The Biden administration’s fiscal year (FY) 2024 budget request includes a total of $74 billion of IT spending for Federal civilian agencies and $12.7 billion for cybersecurity spending, according to a budget appendix released by the White House on March 13.

IT Spending Totals

“The budget proposes spending $74 billion on IT at civilian agencies in 2024, which will be used to deliver simple, seamless, and secure government services,” the budget document says.

The $74 billion request is up 13 percent from 2023 budget levels, the administration said.

Agencies with the sharpest proposed increases include: the Veterans Affairs Department, up 14.7 percent;  Department of Health and Human Services, up 13.4 percent; Department of Homeland Security, up 12.1 percent; and Treasury Department, up 9.8 percent.

“The President’s Budget also supports the implementation of Federal laws that enable agency technology planning, oversight, funding, and accountability practices, as well as Office of Management and Budget (OMB) guidance to agencies on the strategic use of IT to enable mission outcomes,” it says.

The document continues, “Technology serves as the foundation of the Federal government’s ability to deliver on its mission. The administration is leading on the technology issues of our time—stopping foreign intrusions into U.S. agencies, balancing difficult trade-offs in digital identity and artificial intelligence, redefining security expectations for software and the cloud, and maximizing the impact of taxpayer dollars to drive digital transformation across the Government to deliver a better customer experience for the American people.”

“The budget supports launching tech policy that meets today’s expectations and technology that is secure by design, allowing Federal agencies to deliver on their missions safely, reliably, and easily,” the document says. “The administration is focused on understanding where agencies are on their IT modernization journeys and making the right investments at the right time to enable secure technology and innovation to advance from year to year.”

The IT spending request, the White House said, supports four main areas:

  • Cybersecurity, including executing on the administration’s 2021 cybersecurity executive order and subsequent guidance on zero trust cybersecurity;
  • IT Modernization, including “adopting modern technologies, retiring legacy systems, employing methods of continuous improvement, and scaling them across government, so that government can run more effectively and improve the delivery and reliability of trusted services”;
  • Digital-First Customer Experience, which the document describes as “using design and technology to deliver an exceptional customer experience for the American public that demonstrably meets user needs and is on par with today’s customer expectations,” including executing on the administration’s customer experience executive order and meeting obligations under the 21st Century Integrate Digital Experience Act; and
  • Data as a Strategic Asset, which the document describes as “driving key insights into the decision-making process by harnessing accurate, available, and actionable data to power intelligent government operations and citizen experiences,” and building on the Office of Management and Budget’s 2019 Federal Data Strategy.

Cyber Budget Details

The budget document features $12.7 billion of spending requests for Federal civilian agency cybersecurity, with $12.1 billion of that figure allocated to the largest CFO Act agencies.

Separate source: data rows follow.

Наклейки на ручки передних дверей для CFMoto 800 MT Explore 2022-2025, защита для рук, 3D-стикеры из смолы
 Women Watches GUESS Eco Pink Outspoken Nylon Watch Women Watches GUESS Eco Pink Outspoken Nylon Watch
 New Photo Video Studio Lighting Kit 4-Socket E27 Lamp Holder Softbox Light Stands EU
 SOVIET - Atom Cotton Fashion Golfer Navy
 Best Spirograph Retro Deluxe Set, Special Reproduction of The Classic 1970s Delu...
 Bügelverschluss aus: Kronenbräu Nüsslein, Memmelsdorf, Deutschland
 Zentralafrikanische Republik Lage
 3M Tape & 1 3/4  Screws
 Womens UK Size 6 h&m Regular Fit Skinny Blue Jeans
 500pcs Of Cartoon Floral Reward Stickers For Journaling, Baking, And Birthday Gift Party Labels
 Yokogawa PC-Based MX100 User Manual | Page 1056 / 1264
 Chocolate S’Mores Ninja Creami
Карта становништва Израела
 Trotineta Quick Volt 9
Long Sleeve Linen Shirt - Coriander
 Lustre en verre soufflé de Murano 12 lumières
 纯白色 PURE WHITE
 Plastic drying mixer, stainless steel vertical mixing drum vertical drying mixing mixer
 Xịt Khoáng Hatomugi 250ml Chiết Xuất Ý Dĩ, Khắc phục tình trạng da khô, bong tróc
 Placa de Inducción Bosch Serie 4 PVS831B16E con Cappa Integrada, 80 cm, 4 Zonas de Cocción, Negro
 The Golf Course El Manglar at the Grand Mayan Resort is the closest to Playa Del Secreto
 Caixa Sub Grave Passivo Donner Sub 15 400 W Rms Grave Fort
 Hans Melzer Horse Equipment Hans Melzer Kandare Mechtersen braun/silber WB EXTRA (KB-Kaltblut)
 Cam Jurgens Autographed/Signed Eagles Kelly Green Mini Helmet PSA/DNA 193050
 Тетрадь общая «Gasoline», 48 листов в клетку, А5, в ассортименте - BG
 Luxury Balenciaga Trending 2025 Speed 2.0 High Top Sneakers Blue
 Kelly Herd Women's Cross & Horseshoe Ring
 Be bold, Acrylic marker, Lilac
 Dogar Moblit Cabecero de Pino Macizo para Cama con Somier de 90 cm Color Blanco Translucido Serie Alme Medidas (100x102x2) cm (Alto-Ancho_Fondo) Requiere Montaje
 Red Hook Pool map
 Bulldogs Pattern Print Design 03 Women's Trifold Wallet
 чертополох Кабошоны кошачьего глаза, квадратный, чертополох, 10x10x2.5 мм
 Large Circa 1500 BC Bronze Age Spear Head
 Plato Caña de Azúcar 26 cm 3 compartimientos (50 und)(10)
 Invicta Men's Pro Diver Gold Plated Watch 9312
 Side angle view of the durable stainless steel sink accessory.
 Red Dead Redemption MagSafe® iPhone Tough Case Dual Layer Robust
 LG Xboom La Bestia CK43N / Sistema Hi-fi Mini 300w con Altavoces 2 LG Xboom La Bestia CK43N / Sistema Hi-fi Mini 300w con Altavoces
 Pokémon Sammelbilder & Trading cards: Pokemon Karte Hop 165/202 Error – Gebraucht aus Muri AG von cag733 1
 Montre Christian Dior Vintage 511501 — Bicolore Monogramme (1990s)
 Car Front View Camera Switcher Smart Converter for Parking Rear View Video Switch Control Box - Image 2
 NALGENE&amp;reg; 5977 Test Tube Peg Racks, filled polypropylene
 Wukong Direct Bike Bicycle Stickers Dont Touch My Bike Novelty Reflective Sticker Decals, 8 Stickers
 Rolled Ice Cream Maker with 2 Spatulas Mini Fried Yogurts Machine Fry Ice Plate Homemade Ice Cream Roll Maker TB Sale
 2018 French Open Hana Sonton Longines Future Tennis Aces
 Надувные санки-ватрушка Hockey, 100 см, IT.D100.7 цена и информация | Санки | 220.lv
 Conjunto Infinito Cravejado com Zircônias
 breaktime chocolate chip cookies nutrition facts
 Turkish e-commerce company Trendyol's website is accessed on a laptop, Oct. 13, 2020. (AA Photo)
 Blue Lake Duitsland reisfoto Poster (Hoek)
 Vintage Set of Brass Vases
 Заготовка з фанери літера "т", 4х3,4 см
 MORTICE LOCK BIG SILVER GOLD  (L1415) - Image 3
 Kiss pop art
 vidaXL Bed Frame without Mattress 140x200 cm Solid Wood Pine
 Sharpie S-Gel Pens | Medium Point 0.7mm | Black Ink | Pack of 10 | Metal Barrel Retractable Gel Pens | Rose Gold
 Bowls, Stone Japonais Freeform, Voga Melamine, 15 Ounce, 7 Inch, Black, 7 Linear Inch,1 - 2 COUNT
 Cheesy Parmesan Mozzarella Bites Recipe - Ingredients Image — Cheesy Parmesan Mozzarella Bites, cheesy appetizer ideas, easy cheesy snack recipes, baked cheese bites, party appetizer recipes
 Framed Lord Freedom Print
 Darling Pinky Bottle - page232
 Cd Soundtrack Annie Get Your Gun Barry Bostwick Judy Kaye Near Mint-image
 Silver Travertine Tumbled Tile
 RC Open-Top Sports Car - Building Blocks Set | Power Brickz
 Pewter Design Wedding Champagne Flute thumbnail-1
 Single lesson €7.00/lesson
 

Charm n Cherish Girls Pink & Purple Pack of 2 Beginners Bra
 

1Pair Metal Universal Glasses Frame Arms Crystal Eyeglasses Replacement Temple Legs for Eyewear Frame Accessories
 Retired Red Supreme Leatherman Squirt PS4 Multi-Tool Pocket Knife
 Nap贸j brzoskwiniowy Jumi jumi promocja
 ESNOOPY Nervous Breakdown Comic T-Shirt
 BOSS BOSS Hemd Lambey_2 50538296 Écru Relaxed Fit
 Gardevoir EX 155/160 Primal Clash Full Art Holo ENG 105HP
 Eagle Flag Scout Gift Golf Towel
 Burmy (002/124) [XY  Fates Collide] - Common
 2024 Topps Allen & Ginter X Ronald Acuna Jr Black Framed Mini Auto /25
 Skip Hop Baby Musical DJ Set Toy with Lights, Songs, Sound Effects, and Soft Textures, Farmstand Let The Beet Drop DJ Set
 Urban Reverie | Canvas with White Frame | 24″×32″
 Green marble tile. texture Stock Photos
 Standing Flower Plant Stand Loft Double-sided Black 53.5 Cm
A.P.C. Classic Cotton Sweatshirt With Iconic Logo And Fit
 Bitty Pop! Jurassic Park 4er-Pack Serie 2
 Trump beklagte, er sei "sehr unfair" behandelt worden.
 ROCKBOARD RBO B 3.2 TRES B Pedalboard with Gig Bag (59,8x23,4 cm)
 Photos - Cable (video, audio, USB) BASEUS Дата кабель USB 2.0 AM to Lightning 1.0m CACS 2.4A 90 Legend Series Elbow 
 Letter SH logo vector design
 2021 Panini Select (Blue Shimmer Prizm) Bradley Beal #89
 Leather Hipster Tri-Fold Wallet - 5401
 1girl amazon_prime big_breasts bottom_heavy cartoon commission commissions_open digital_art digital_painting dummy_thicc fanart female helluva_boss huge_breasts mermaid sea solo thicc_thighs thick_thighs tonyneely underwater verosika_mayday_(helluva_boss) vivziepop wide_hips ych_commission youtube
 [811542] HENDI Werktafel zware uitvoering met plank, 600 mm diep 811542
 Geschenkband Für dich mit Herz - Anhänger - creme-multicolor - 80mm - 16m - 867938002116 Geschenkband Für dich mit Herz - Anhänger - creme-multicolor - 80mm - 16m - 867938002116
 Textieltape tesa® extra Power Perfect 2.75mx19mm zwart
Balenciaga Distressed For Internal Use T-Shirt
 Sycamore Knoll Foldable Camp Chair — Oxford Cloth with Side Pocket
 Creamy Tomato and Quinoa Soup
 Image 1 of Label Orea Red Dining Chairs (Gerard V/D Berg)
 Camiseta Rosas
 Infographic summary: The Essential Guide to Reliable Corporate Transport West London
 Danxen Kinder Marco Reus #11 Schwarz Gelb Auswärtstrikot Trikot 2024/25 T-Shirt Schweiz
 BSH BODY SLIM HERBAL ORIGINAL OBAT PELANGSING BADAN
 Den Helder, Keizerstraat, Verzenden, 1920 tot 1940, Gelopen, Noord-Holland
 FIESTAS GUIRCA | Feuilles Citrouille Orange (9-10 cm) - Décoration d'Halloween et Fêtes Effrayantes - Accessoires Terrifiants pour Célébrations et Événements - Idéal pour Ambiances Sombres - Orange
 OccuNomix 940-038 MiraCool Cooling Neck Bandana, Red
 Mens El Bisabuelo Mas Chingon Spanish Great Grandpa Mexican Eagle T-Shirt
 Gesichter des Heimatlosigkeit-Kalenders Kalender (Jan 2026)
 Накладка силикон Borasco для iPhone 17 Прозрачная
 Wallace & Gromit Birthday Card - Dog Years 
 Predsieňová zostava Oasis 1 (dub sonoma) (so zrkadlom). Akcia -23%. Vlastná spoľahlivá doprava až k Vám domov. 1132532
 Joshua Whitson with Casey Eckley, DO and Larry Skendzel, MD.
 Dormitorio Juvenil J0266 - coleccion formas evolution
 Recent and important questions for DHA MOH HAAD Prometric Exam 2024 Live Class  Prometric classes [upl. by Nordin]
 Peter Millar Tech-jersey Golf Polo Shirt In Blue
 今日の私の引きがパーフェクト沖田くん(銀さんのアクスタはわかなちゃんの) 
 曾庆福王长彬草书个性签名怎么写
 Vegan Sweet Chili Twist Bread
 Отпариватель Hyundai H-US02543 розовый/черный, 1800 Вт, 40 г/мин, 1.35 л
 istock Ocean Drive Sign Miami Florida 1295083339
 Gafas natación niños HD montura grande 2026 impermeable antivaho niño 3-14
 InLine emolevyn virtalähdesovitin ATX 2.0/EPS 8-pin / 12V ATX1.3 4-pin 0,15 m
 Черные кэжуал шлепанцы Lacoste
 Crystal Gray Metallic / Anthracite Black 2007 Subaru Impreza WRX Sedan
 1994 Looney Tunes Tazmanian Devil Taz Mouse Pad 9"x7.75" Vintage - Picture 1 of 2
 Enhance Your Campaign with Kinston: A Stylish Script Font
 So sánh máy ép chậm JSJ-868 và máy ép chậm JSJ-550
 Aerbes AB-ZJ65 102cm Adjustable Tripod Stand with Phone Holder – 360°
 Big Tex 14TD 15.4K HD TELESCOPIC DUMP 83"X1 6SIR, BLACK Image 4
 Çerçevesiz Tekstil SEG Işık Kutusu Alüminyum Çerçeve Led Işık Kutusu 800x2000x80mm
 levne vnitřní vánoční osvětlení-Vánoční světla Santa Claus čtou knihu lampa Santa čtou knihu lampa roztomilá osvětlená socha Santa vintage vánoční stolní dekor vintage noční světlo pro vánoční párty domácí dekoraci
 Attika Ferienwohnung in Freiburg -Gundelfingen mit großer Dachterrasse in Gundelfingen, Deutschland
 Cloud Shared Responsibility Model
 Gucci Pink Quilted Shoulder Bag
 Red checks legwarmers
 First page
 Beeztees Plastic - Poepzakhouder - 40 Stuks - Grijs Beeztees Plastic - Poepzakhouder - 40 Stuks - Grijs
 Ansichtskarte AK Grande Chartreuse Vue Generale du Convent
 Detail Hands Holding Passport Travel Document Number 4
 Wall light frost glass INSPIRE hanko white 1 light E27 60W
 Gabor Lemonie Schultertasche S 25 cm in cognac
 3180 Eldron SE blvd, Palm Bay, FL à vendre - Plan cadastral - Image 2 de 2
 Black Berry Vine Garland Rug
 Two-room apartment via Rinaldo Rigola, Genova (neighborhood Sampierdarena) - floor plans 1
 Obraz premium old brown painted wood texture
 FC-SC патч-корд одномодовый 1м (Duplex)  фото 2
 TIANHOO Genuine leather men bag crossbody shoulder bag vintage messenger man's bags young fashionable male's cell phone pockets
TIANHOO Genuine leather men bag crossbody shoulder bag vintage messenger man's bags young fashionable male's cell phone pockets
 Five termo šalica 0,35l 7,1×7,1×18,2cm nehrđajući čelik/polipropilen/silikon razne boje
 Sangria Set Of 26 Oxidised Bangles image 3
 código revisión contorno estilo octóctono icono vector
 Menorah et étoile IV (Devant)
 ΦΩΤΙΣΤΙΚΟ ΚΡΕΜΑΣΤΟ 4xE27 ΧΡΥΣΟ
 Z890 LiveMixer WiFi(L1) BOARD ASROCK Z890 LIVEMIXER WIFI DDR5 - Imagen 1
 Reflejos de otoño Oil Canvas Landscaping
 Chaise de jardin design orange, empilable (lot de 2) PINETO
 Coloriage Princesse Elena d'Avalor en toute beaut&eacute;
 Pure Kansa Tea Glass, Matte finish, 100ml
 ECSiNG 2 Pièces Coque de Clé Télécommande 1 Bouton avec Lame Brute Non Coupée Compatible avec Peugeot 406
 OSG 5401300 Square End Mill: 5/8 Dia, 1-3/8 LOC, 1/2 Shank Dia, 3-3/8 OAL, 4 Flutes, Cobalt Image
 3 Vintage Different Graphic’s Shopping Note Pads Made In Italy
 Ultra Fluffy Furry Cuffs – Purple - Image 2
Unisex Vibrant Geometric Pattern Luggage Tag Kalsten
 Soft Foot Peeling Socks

The $12.7 billion request represents a 13 percent jump from FY2023 spending, which totaled about $11.1 billion, versus the $10.4 billion of spending in FY2022.

In discussing Federal civilian cybersecurity imperatives, the budget request states: “Agencies can no longer rely on a perimeter-based approach or ‘digital walls’ to keep sophisticated actors from gaining unauthorized access to Federal systems. The administration is focused on making Federal systems more defensible by adopting zero trust principles, a security strategy premised on the idea that trust is never granted implicitly but must be continually evaluated.”

The request describes zero trust-related aspects of the 2021 cybersecurity executive order, and subsequent guidance documents on zero trust, supply chain security, and emerging threats including post-quantum cryptography.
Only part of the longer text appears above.